Para Priscila Caneparo, advogada especialista em Direitos Humanos, programas relacionados ao Jovem Aprendiz são medidas socioeducativas para os jovens, também por ser uma forma de o Estado cumprir com sua responsabilidade, a de proporcionar um futuro para os mesmos. Ela observa que o abandono do governo em comunidades menos favorecidas facilita o ingresso dos jovens na criminalidade, pelo simples fato dessa possibilidade oferecer maior perspectiva de futuro e sustento para suas famílias.

Tendo em vista a grande ocorrência dessas situações, Priscila Caneparo avalia que o crime, representado principalmente pelo narcotráfico nestas comunidades, acaba realizando o papel que o Estado deveria cumprir: “Isso é uma falha do Estado. O narcotráfico acaba fazendo para os jovens o que o país deveria fazer, dar a eles um futuro e garantir a sua segurança. O Brasil privilegia muito mais direitos e liberdades políticas do que assegura direitos sociais e econômicos, sem condições para que as pessoas exerçam, de fato, esta liberdade”.

.
. (foto: Diana Raeder/Esp. CB/D.A Press)

Diego Alves estima que essas consequências, muito provavelmente, não são algo acidental, mas sim um planejamento para facilitar a vida dos empresários do país. Ele diz se preocupar bastante com os jovens nesta situação, e afirma que boa parte dos empresários nunca esteve disposta a cumprir a cota de aprendizagem. Pondera ainda que a medida só vai auxiliá-los a contratar menos aprendizes para cumprir as novas determinações da lei.

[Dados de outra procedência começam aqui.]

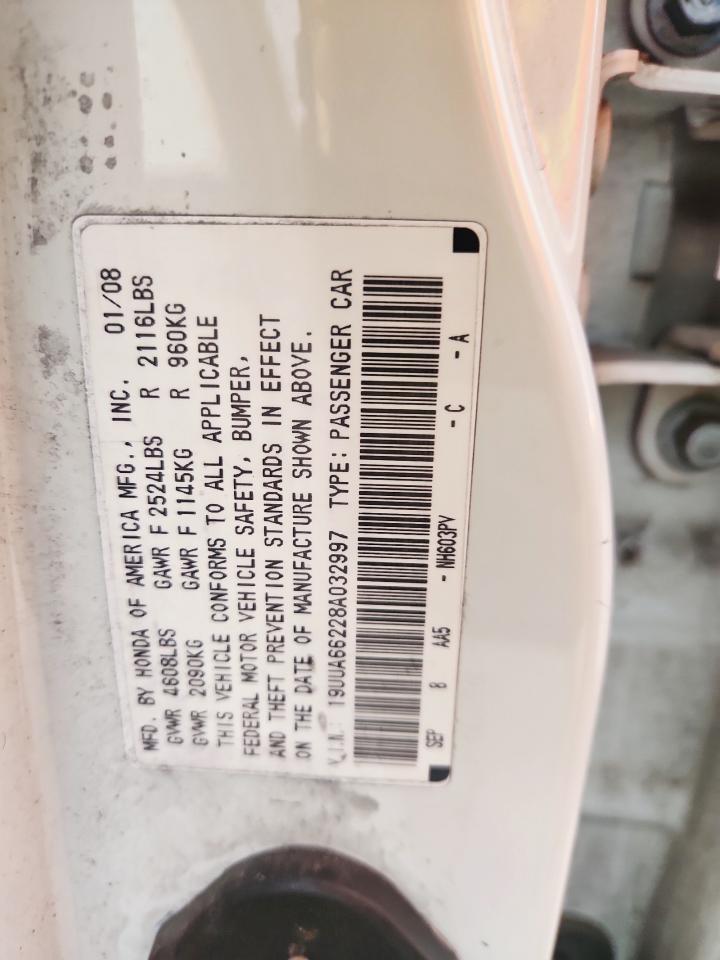 2008 Acura Tl VIN: 19UUA66228A032997 Lot: 70146535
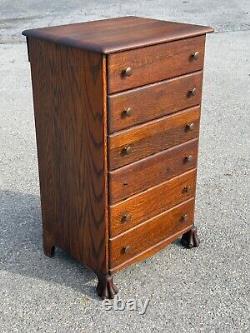 Antique 6 drawer oak collectors cabinet narrow dresser record music Edison 1900s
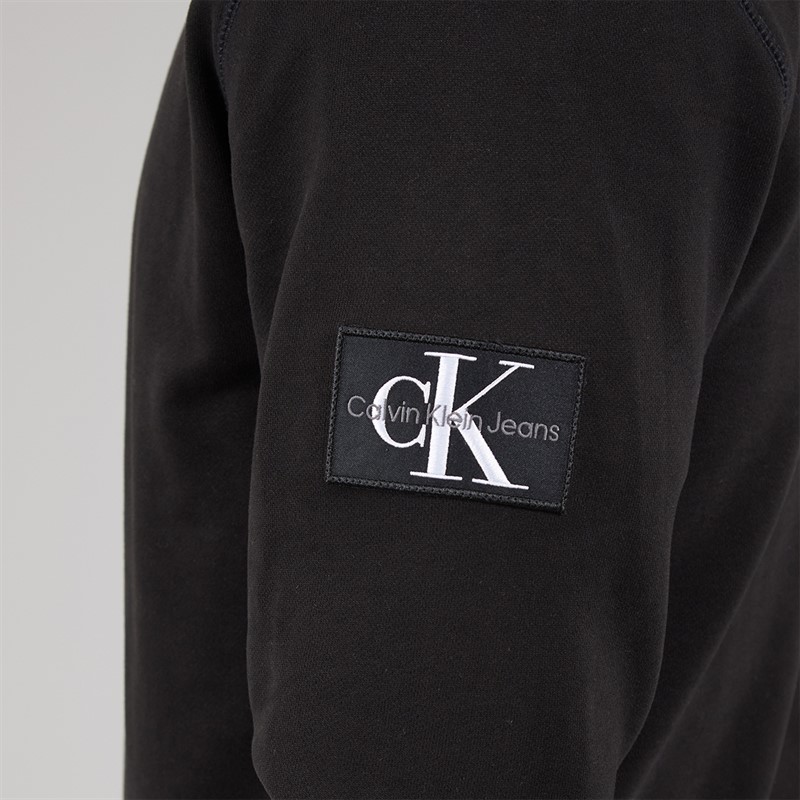 Calvin Klein Mens Badge Crew Neck Sweatshirt Ck Black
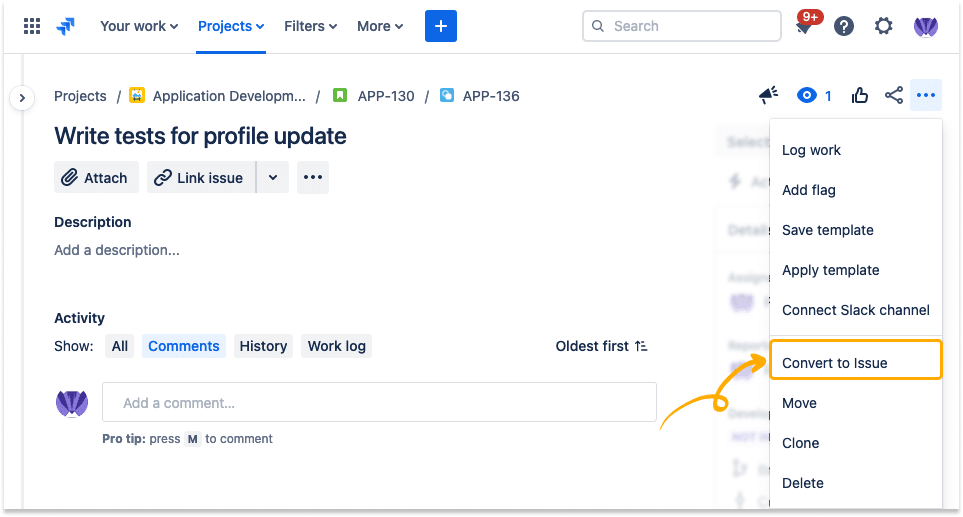 Convert Jira subtask to issue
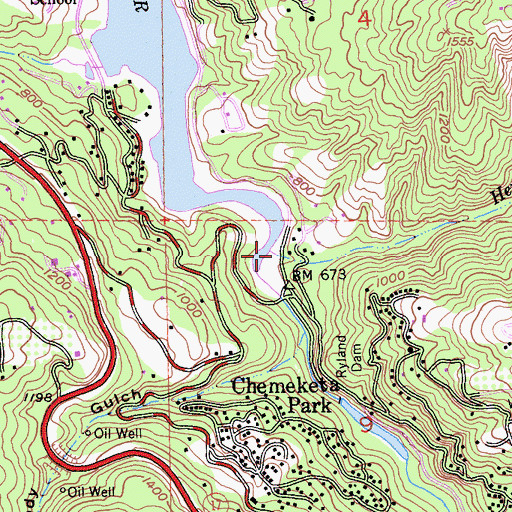 Topographic Map of Hendrys Creek, CA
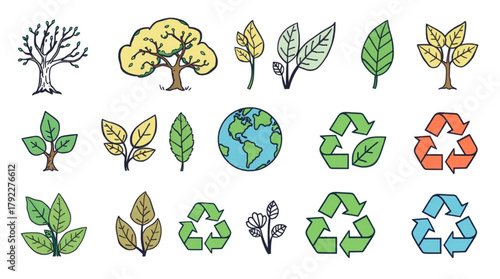 Illustration of trees leaves earth and recycle symbols representing nature and environmental conservation created with generated ai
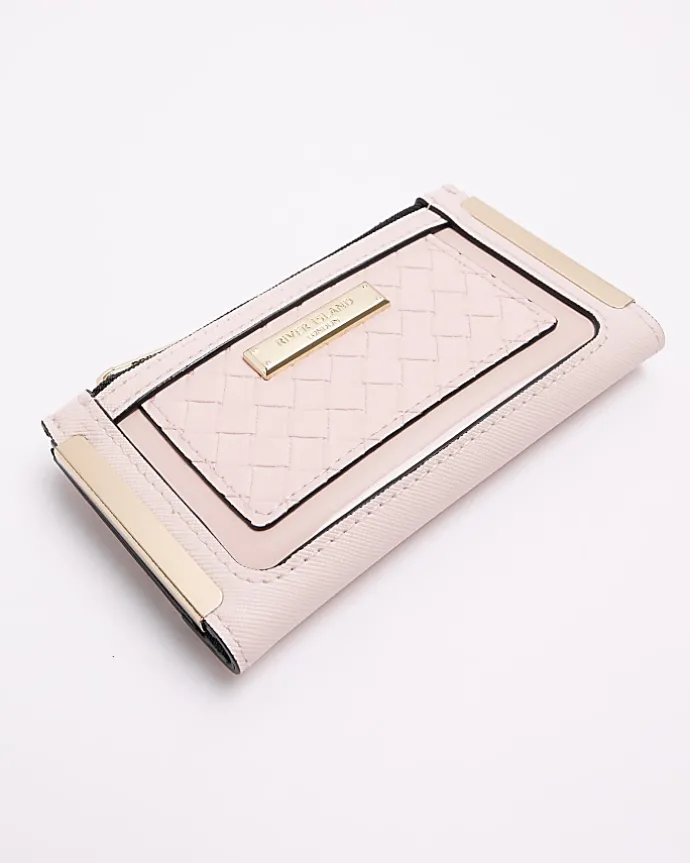 Pink embossed weave purse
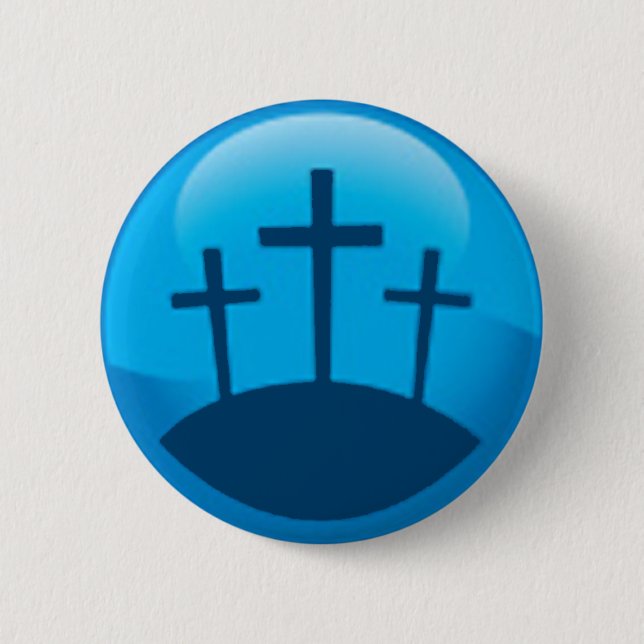 three crosses pinback button (Front)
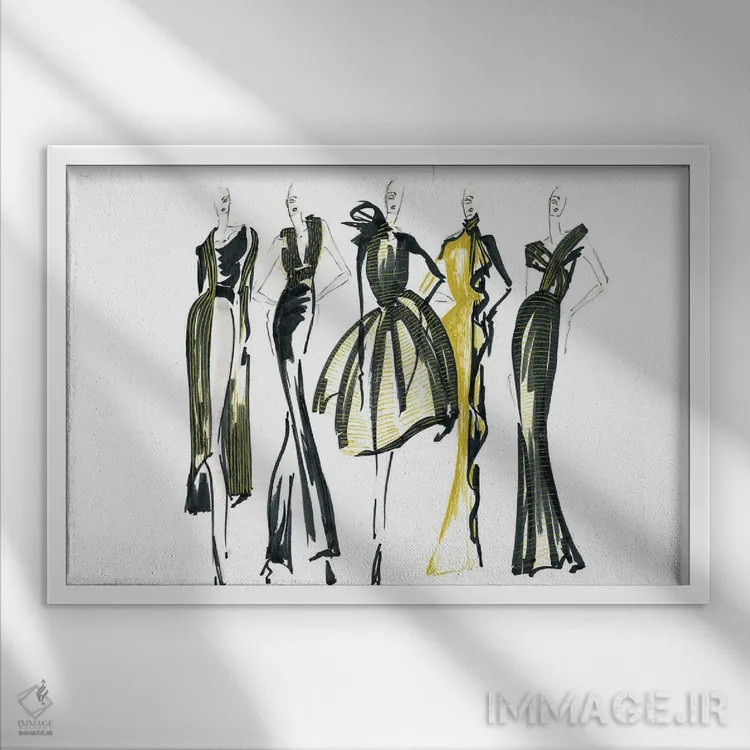 تابلو صف طلایی II اثر الی عظیزیان - نمای قابدار سفید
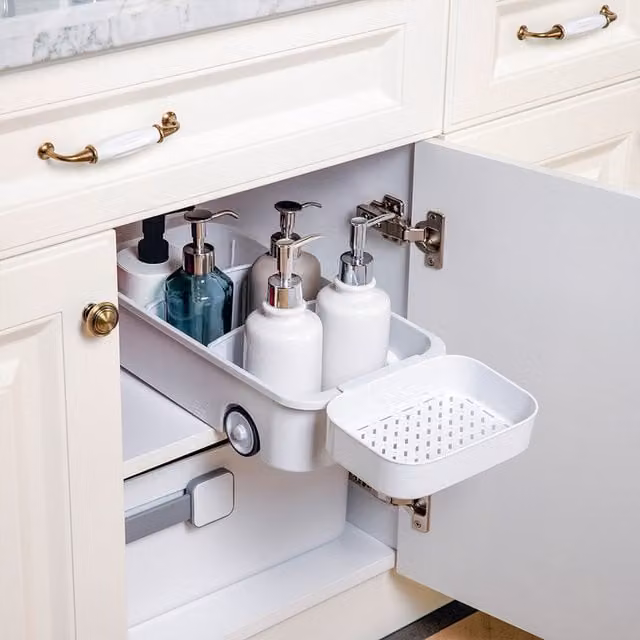 Livingandhome Undersink Pull Out Sliding Storage Basket in White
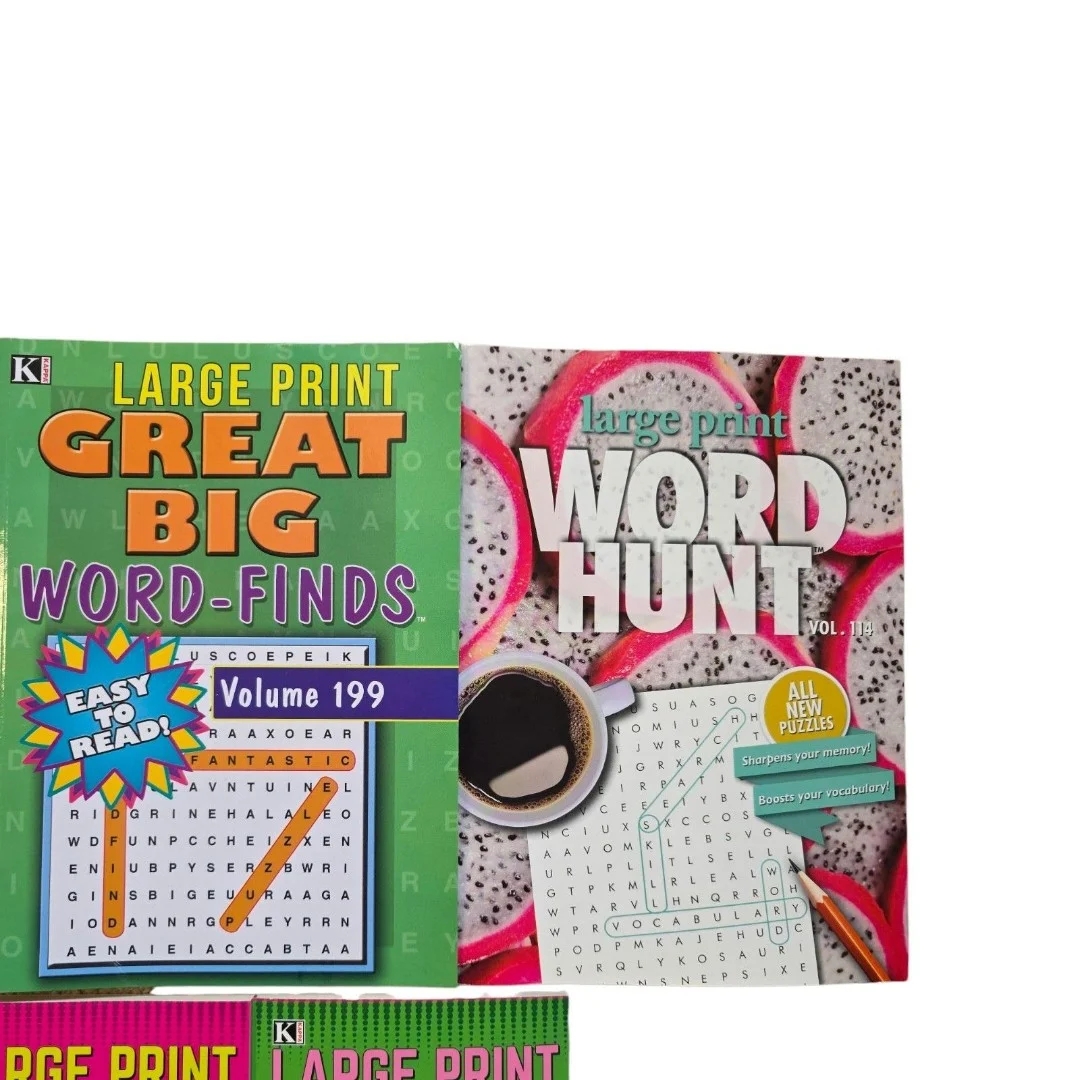 8x Large Small Print Word Find Crossword Puzzle Books Kappa Set Lot NEW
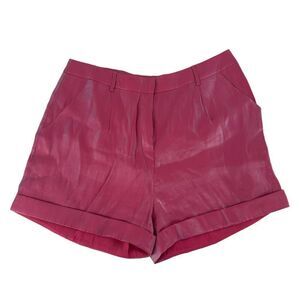 Pink Iridescent Shorts Fashion Nova Womens Size XL Cuffed Shiny High Rise Silky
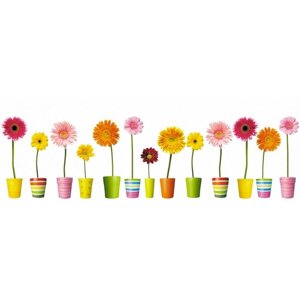 Фотообои "Яркие цветы в горшках" 3-А-315 (1 полотно), 440x150 см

Ele observa, também, que a falta de aprendizagem pode reduzir ainda mais a qualificação da mão de obra e fazer com que o país e a população desenvolva uma dependência maior da mão de obra barata, sem que as pessoas possam ter a possibilidade de conseguir evoluir nos estudos ou em uma carreira. “A gente vai acabar passando por um ciclo vicioso, de pessoas que vão viver sempre submetidas a ser mão de obra barata, por necessidade e falta de condições, sem poder avançar nos estudos”, prevê.

Acordo se sobrepõe à lei?

A MP tramita na Câmara junto com a discussão do Tema 1.046 no Supremo Tribunal Federal (STF), que trata da possibilidade de acordos pré-estabelecidos entre patrões e empregados se sobreporem às leis trabalhistas. Caso o STF veja validade nisso, o processo para o avanço da Reforma Trabalhista e a própria tramitação da MP poderão ser agilizadas.

Segundo o advogado trabalhista Ronaldo Tolentino, a questão dos acordos e convenções se sobreporem à lei pode até ser válida, desde que trate de questões de relação entre patrão e empregado, e não de direitos básicos garantidos na Constituição Federal. “As convenções refletem uma dinâmica social das relações de trabalho que são melhor implementadas dessa forma do que em um projeto de lei”, diz.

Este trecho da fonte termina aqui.